Sulit memang mencapai kemashlahatan dalam politik. Ini disebabkan kebutuhan manusia yang beragam. Upaya yang mesti dilakukan adalah meminimalisir buruknya politik anggaran. Usaha maksimal politik mesti dirubah dari politik kepentingan ke politik kemashlahatan. Ketika kemashlahatan diabaikan maka kekuasaan terus mengejar kepentingan. Kepentingan di sini bisa jadi kepentingan pribadi, kelompok, dan golongan. Gonjang-ganjing gelombang ekonomi umat disebabkan politik anggaran lebih mengutamakan kepentingan daripada kemashlahatan.
Selama ini politik kemashlahatan hanya disampaikan saat kampanye politik. Setelah kekuasaan didapat orientasi politik berubah; dari orientasi kemashlahatan ke orientasi kepentingan. Narasi-narasi politik saat pilkada sering dilupakan setelah pilkada. Dan, tidak jarang pernyataan-pernyataan yang diucapkan kandidat saat kampanye menjadi lawan dirinya sendiri saat politik kepentingan berjalan dalam kekuasaan.
Bahkan, saat kekuasaan dijalankan bukan hanya politik kepentingan yang berjalan tetapi juga menuduh dan mengidentifikasi orang-orang sebagai musuh hanya karena berbeda orientasi dalam memahami politik anggaran.

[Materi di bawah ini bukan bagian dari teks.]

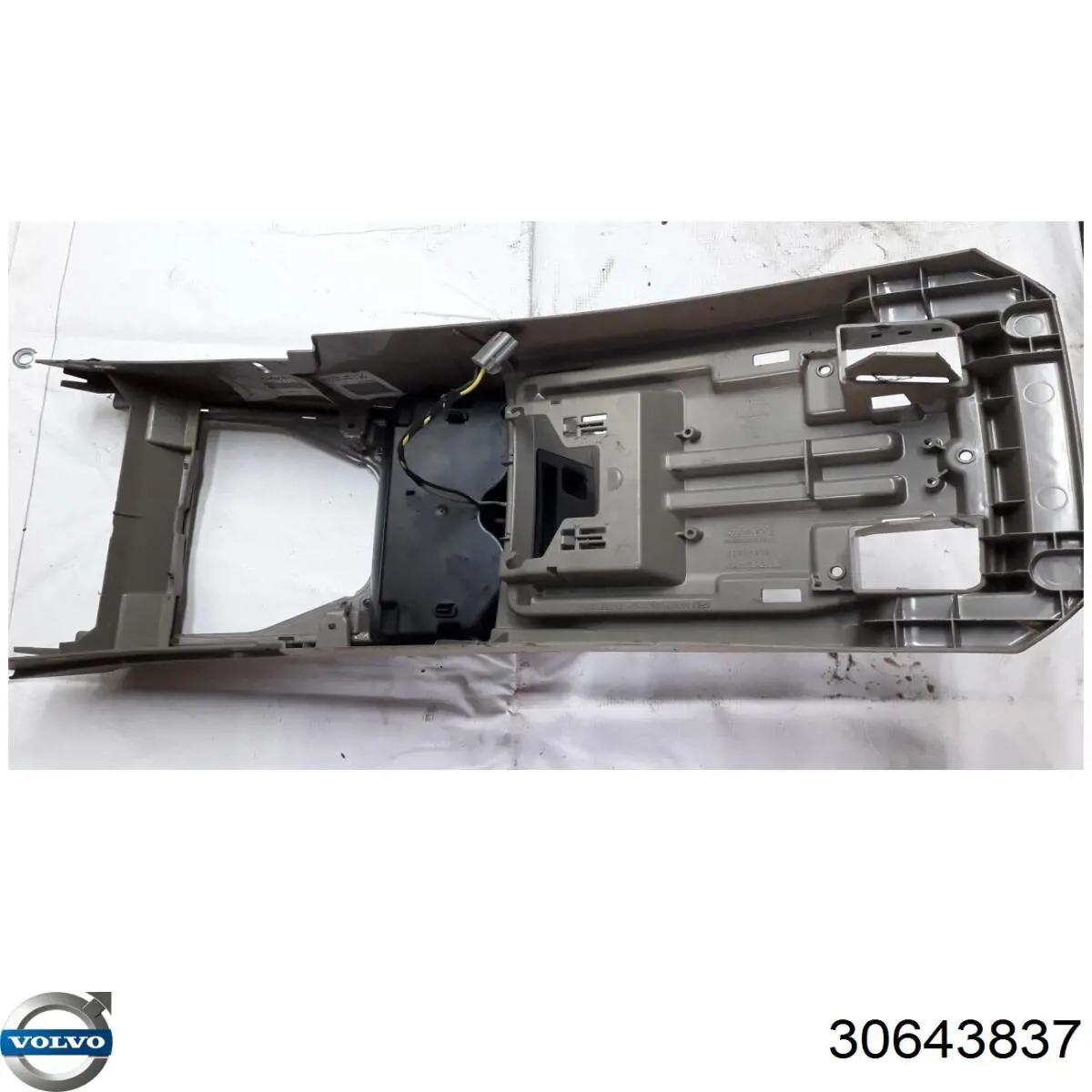  30643837 Volvo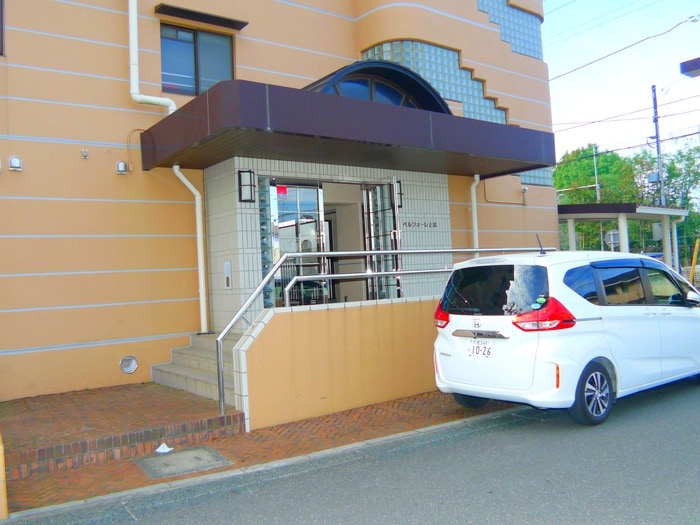 ベルフォーレ上尾の物件外観写真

Kehaduhan ini disebabkan karena, satu sisi kekuasaan berdiri pada politik kepentingan, pada sisi yang lain/di luar kekuasaan memahami politik kemashlahatan.
Proyek-proyek yang dijalankan dalam berbagai program di daerah mesti dirasionalkan dengan anggaran yang ada. Dalam situasi defisit dan efesiensi anggaran program mesti diplot berdasarkan skala prioritas. Pengadaan-pengadaan barang dan jasa yang diperhatikan adalah potensi anggaran bukan politik kepentingan. Gegabah dalam menentukan sikap terkait kebijakan anggaran dalam situasi sulit mengabaikan ide kemashlahatan. Lebih buruk di era penuh ambisi orang-orang tidak mampu membeda- mengharmoniskan antara kemashlahatan dan kepentingan.
Disaat politik kepentingan terus dipertahankan maka kekisruhan pubik dalam merespon kebijakan pemerintah terus muncul. Dalam menjalankan politik kemashlahatan walaupun belum tentu terciptanya kesejahteraan maksimal namun mampu meminimalisirkan terjadinya hal-hal buruk. Sesuai dengan kaedah ushul dalam tatanan hukum Islam “meminimalisir kerusakan”. Walaupun demikian, mengambil manfaat lebih besar lebih utama dari upaya meminimalisir keburukan. Artinya, memaksimalkan kesejahteraan atas umat manusia bagian dari politik kemashlahatan. Dalam konteks apa pun, benturan politik kepentingan dengan politik kemashlatanan akan selalu ada. Di sinilah sosok arif dan bijaksana dibutuhkan.